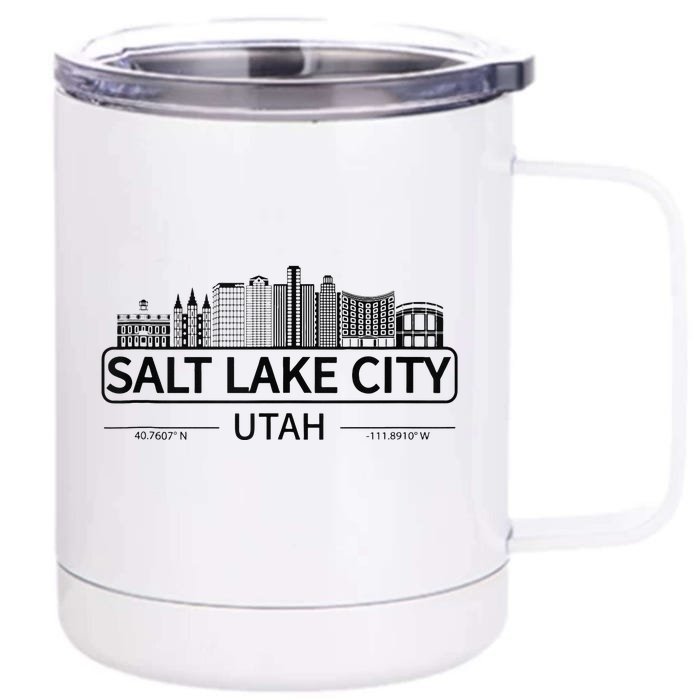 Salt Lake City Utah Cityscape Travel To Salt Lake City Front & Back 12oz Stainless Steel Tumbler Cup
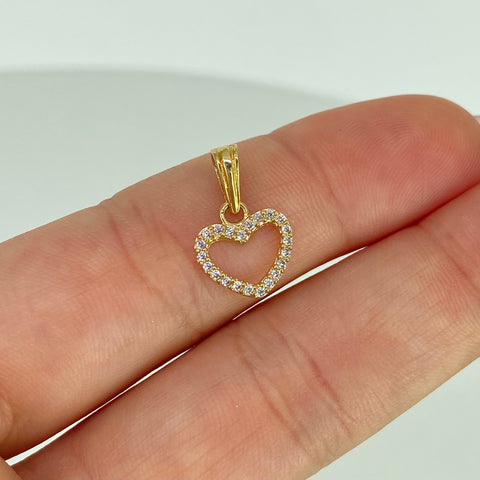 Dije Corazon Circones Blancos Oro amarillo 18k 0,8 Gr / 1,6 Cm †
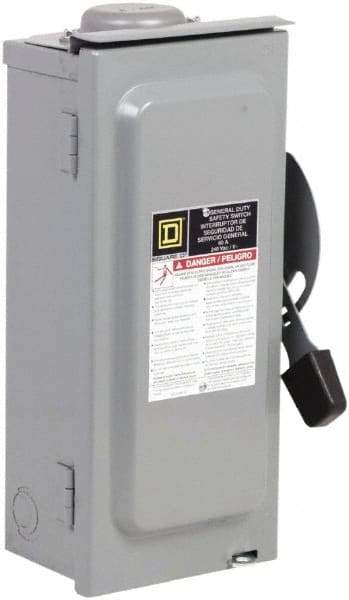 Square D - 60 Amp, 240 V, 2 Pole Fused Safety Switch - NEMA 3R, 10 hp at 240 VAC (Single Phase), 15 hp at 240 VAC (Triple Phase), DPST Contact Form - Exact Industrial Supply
^^^^
**Exercise:**
Set down the material word for word, and drop every picture from it.

**Solution below:**
 Salt Lake City Utah Cityscape Travel To Salt Lake City Front & Back 12oz Stainless Steel Tumbler Cup
 Dije Corazon Circones Blancos Oro amarillo 18k 0,8 Gr / 1,6 Cm †
 Square D - 60 Amp, 240 V, 2 Pole Fused Safety Switch - NEMA 3R, 10 hp at 240 VAC (Single Phase), 15 hp at 240 VAC (Triple Phase), DPST Contact Form - Exact Industrial Supply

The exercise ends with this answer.